Comunicação é energia. Valorize cada palavra. Elas devem passar a
emoção que carregam. Não "leia" um texto - dramatize,
invente, crie.
4. Sabe com quem está falando?
Saiba para quem está se dirigindo. Qual é o seu público? É gente rica
ou pobre? Homens ou mulheres? Em que trabalham? Não esqueça: é o
ouvinte quem põe o sentido das coisas, não a mensagem. O ouvinte só
escuta o que lhe interessa. Além do mais tem o clima. As pessoas têm
sentimentos e eles favorecem ou atrapalham a recepção de mensagens.
Depois de brigar com a namorada fica difícil escutar um debate
político...
5. Linguagem
Não existe um "português correto". Não exija dos que
fazem rádio comunitária que falem o português ensinado nas escolas.
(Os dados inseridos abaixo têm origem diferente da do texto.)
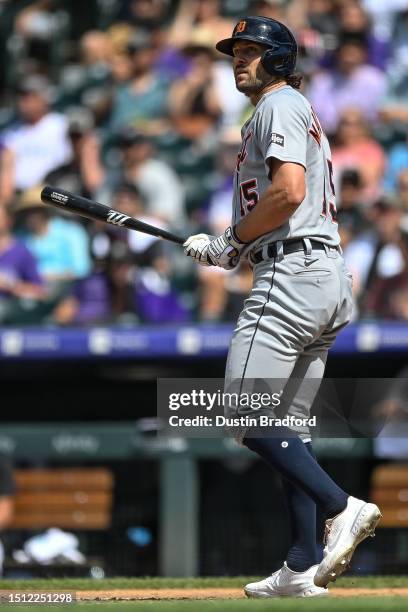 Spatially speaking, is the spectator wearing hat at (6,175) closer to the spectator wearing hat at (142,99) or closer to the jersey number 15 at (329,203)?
the spectator wearing hat at (142,99)

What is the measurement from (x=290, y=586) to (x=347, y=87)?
5922 millimetres

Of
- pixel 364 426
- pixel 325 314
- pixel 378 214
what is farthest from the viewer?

Este português que dizem ser o "correto"; é uma forma
da elite humilhar as pessoas. De toda população brasileira somente uma
centena de pessoas sabe falar esta língua! Dona Maria que conhece tudo
sobre doces, ou Seu Amaro, um especialista em construções, um
mestre-de-obras de primeira grandeza, conhecem muito bem o seu ofício
mas não tiveram a oportunidade de estudar numa escola. Por isso não
sabem falar este "português correto". Eles, com
certeza, podem ter um programa na rádio, falando do jeito deles. O povo
brasileiro é um povo de várias línguas e muitos sotaques. Cada qual ao
seu jeito deve ter espaço na rádio comunitária. Se a rádio comunitária
abrir espaço unicamente para aqueles que sabem falar o "português correto" então não vai ter ninguém para
falar.
Busque uma linguagem simples. Não complique. Não faça da emissora uma
tribuna política ou religiosa. A linguagem deve ser íntima - "você, que está me escutando"...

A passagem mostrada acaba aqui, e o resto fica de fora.